Je me séparai de frère Adelme aux portes de la cité. Elle avait pris de l’ampleur au cours des dernières années, sous l’impulsion du nouvel archevêque. En construction en 1308, le quartier neuf avait doublé. Un nouveau pont, chargé de masures, enjambait le gros ruisseau de Saint-Bertrand. Et le port, tapi dans une des boucles de l’Aude, regorgeait de barges sur lesquelles troncs et billots étaient chargés en permanence depuis les quais. Quant au vieux moulin, il possédait à présent six roues, dont le vacarme assourdissait les habitants des maisons voisines et les éclaboussures réjouissaient les enfants à la saison chaude.
Assise de nouveau sur ma mule, je levai les yeux en direction du château. C’était un quadrilatère flanqué de tours rondes, massif, imposant, dominé par les couleurs de l’archevêché de Narbonne qui battaient au vent du nord-ouest.
Tout en priant pour que frère Adelme ne soit pas, lui aussi, soupçonné de rétention d’informations et mis à la question, je remontai la grand-rue animée jusqu’à obliquer dans une venelle étroite au bout de laquelle, prisonnière de deux hautes demeures à encorbellement, se trouvait la petite maison de ma grand-mère. Sa façade étroite, son perron moussu et sa porte vermoulue la rendaient insignifiante. La pente douce qui, juste à côté, se terminait par un vieux battant rongé d’humidité ouvrant sur la cave n’attirait pas davantage l’attention.
La bâtisse ne respirait que silence et abandon.
Je lançai un regard derrière moi à l’instant de descendre de ma selle.
Personne.
Comme à l’accoutumée dans cette ruelle qu’avalait la partie la plus ancienne de la cité.
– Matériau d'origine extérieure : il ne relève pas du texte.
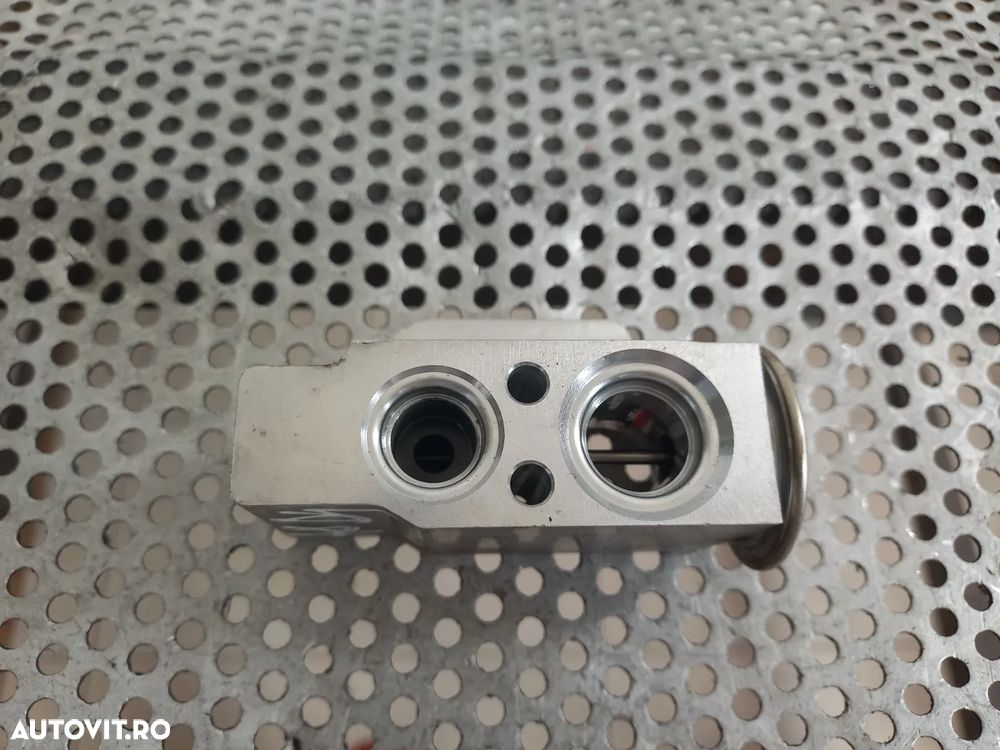 Cupla Calorifer Clima Bord Audi A8 4H D4 An 2010-2011-2012-2013-2014-2015-2016-2017 Volan Stanga Co - 4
Mais frère Adelme avait raison. Qui mènerait enquête sur moi finirait par découvrir un témoin insoupçonné, quelqu’un qui affirmerait m’avoir vue repartir de là sacoches bombées aux flancs de ma mule. Installée dans la certitude que ce passé-là, lié à mon frère, était bel et bien enseveli, j’avais forcément, à un moment où à un autre, relâché ma vigilance, négligé cet infirme adossé à l’encadrement d’une porte cochère, ce mendiant près de la fontaine, et tous ces petits marchands de rue à peine plus vieux qu’Anne, prêts à vendre père et mère pour quelques sols. Ceux qui voyaient tout, ne disaient rien.